We have offered to the NSA, in multiple court filings, to enter into a plan under which they can destroy many of the records (maybe not all, but certainly most of them).  The NSA just needs to admit that our clients’ telephone records were included in the mass collection and for how long. Alternatively, they could state on the record that none of our clients' records were ever included in the NSA's telephone records collection, something that seems inconceivable (we do know what that word means) given that Jewel v. NSA is a class action on behalf of all telephone customers of AT&T.

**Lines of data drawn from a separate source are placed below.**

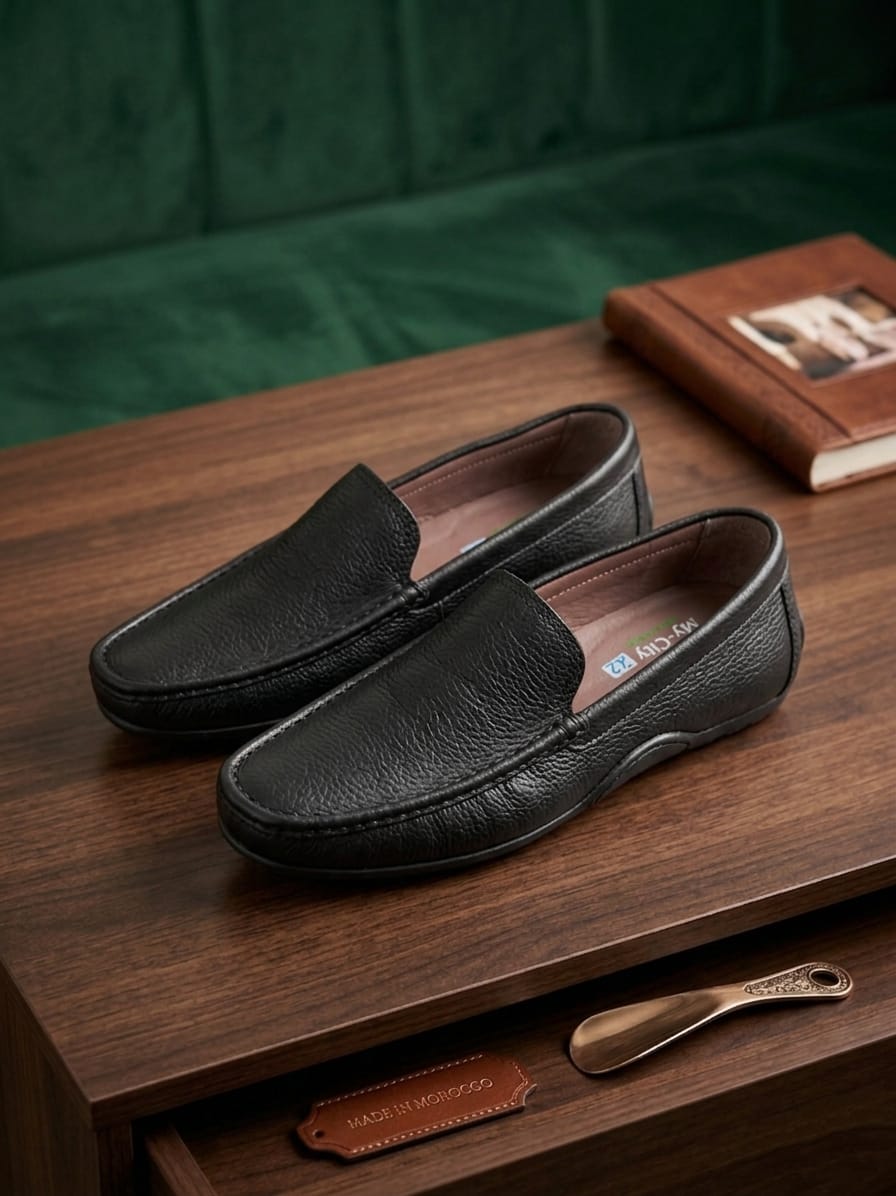 Mocassin homme en cuir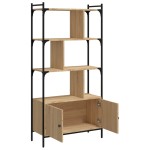 vidaXL Bibliotecă cu uși stejar sonoma 76,5x30x154,5 cm lemn compozit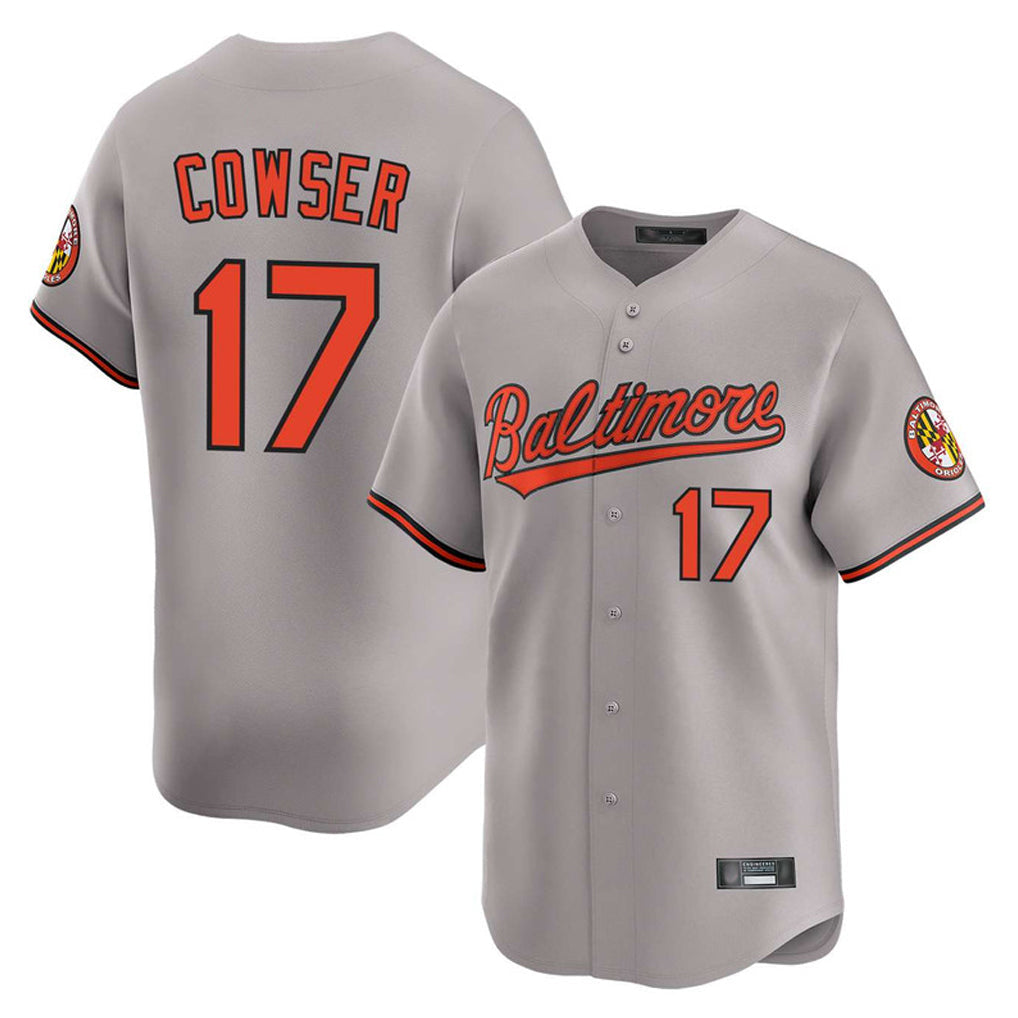 Trusc B.Orioles #17 Colton Cowser Player Gray Limited Home Game Stitched Jerseys
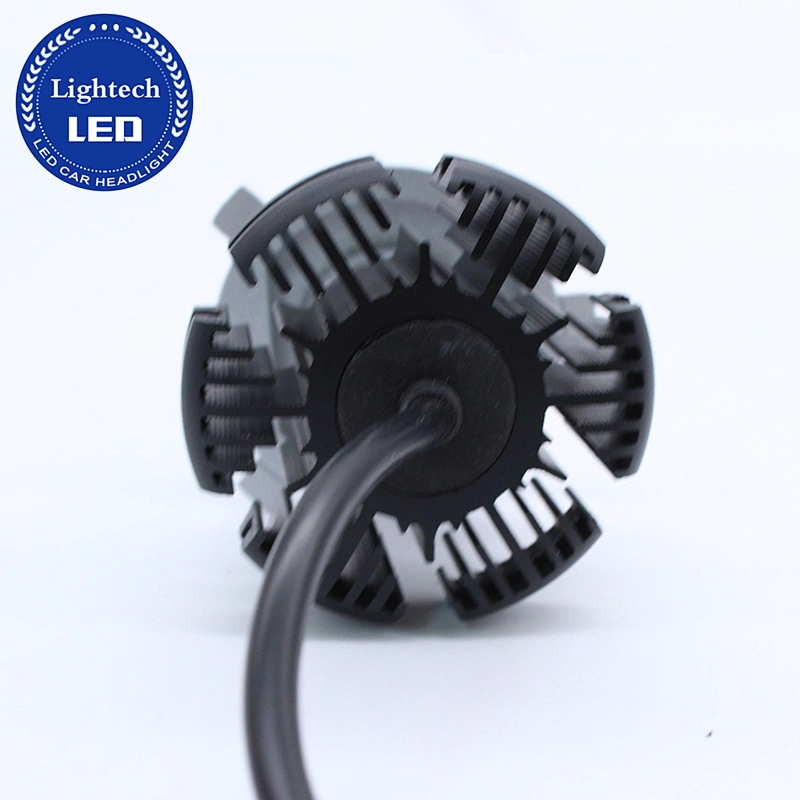 DIY Color Car Accessories x3 6000lm led headlight H11 H8 H7 H4 9005 9006 Auto Led Headlight With Fanless For Motorcycles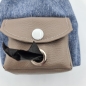 Preview: Futterbeutel mit integriertem Kotbeutelspender in Jeans Blau und Beige
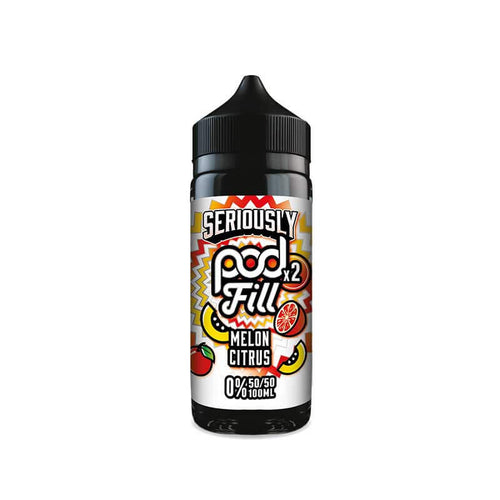 Doozy Vape Co Seriously Pod Fill x2 Melon Citrus 100ml Shortfill E-Liquid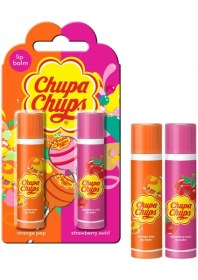 Resim Chupa Chups Lip Balm Dudak Bakım Kremi 4gr Çilek Ve Portakal 2li 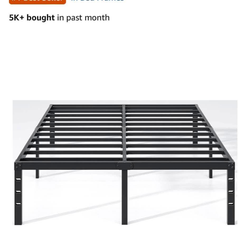 King size metal bed frame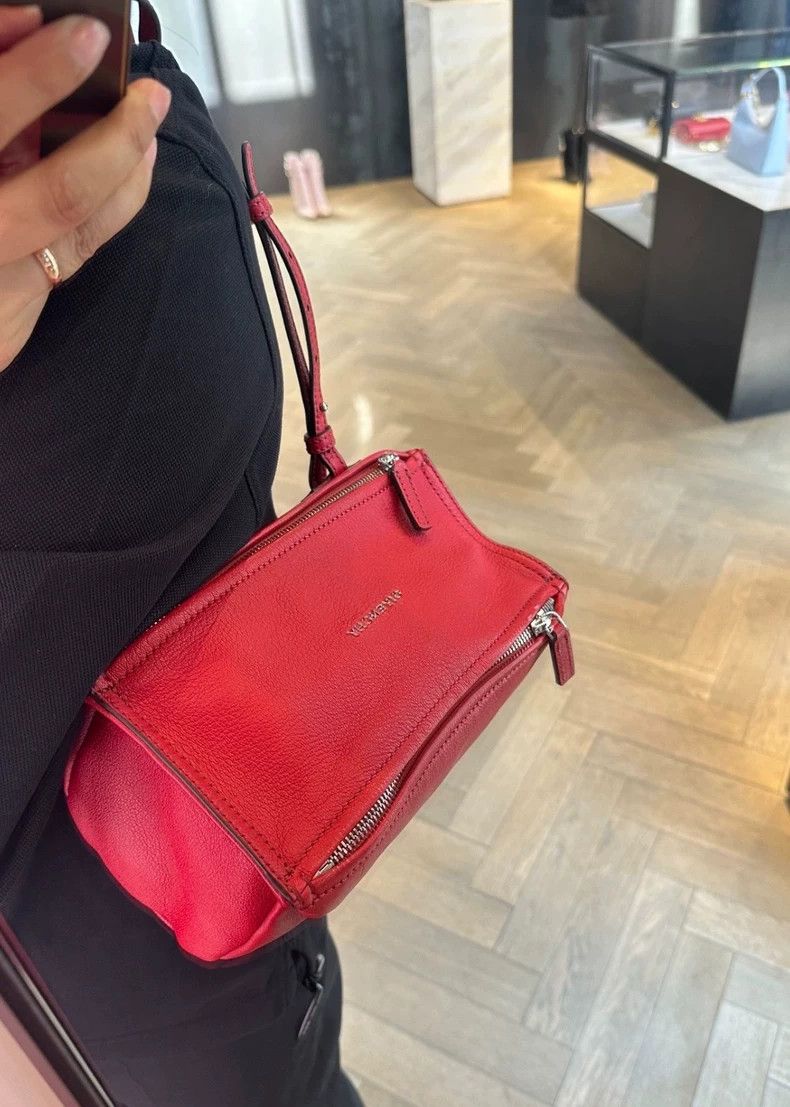 Givenchy Givenchy Red Pandora Soft Box Bag Size ONE SIZE - 2 Thumbnail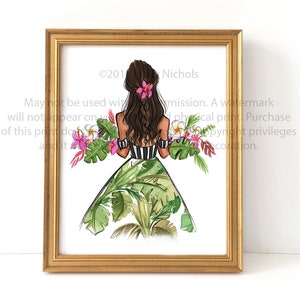 Tropical Greens (Fashion Illustration Print)
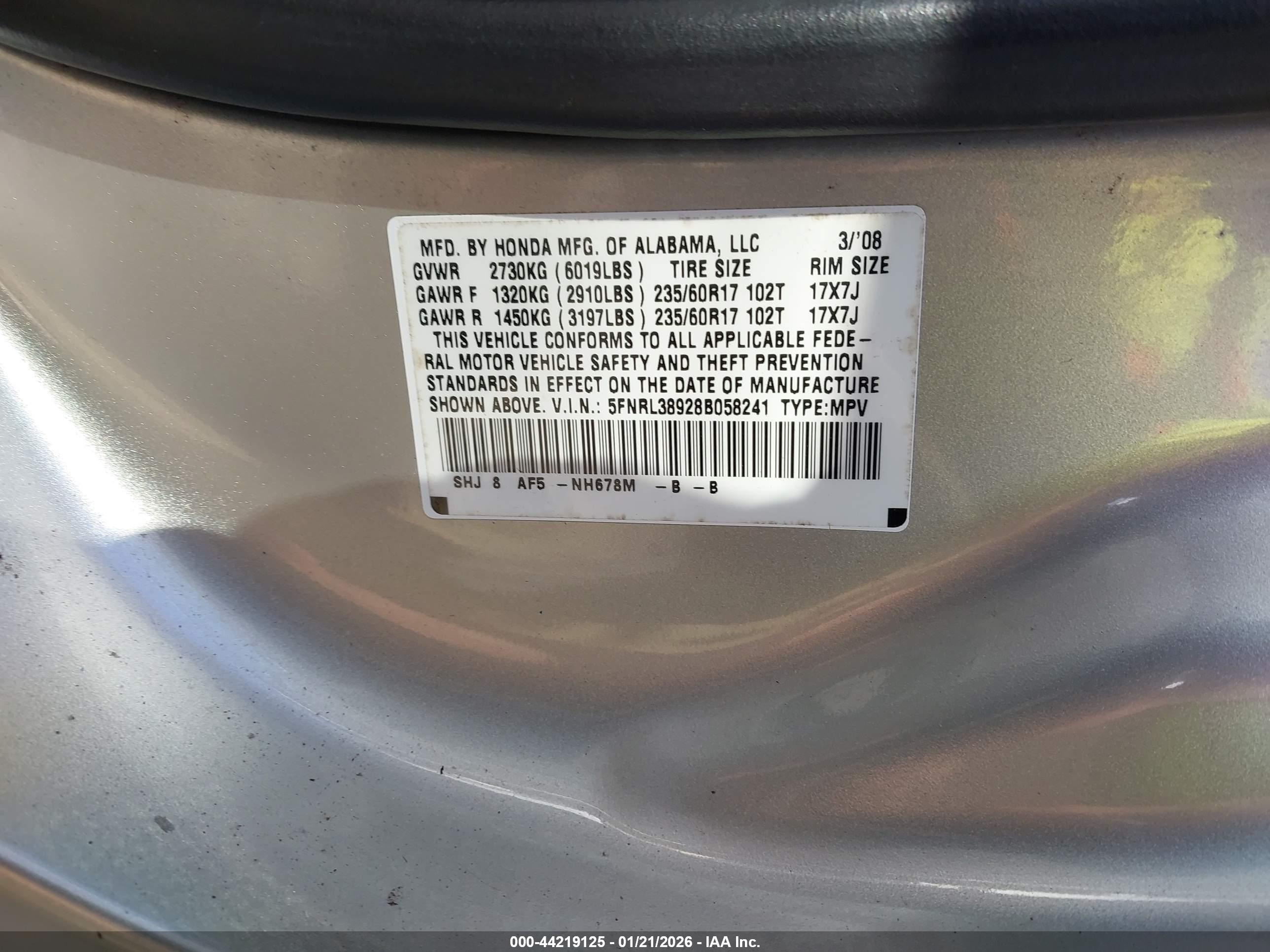 HONDA ODYSSEY image 9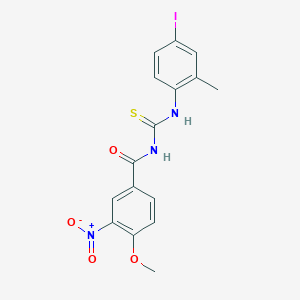 N-[(4-iodo-2-methylphenyl)carbamothioyl]-4-methoxy-3-nitrobenzamide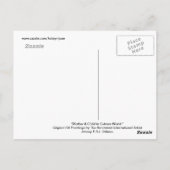 Mutter & Kind in der kubistischen Welt Postkarte (Rückseite)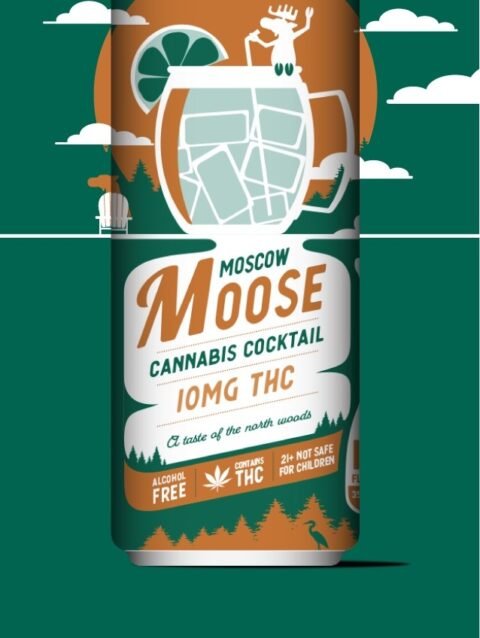 THC Cocktail – Moscow Moose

The government has flatly refused and instead wants to have it both ways: the NSA continues claim that we don’t have proof that our clients' records were included, and so don’t have standing to sue, while at the same time seeking to destroy the very evidence that can most clearly prove it. 

Here’s one place we mentioned it, but it was raised by us throughout a long fight about preservation in March-July, 2014, after we learned that the government was petitioning the secret FISA Court to destroy some of the telephone records:

Plaintiffs need the phone records and other material that they claim has been unlawfully collected preserved so that they can oppose the Government’s claim that Plaintiffs’ lack standing because they merely speculate that their information has been collected and, to a lesser extent, to prove the size of their monetary damages. This evidence preservation dispute can be avoided by a simple stipulation: an admission that Plaintiffs’ telephone records have been collected and for how long. Once the fact of collection and the relevant time periods are settled, the records themselves need not be preserved.

So we want the NSA to destroy the records and we've given them a clear path. The NSA just doesn’t want to take it.

What the NSA appears to want instead is to paint privacy advocates like EFF as the reason that hundreds of millions of telephone records aren’t being destroyed. But if the NSA would just admit that they did indeed collect the telephone records of these plaintiffs along with millions of other Americans, instead of still hiding behind legal game playing like their standing arguments, we could move forward with a reasonable destruction plan for these records.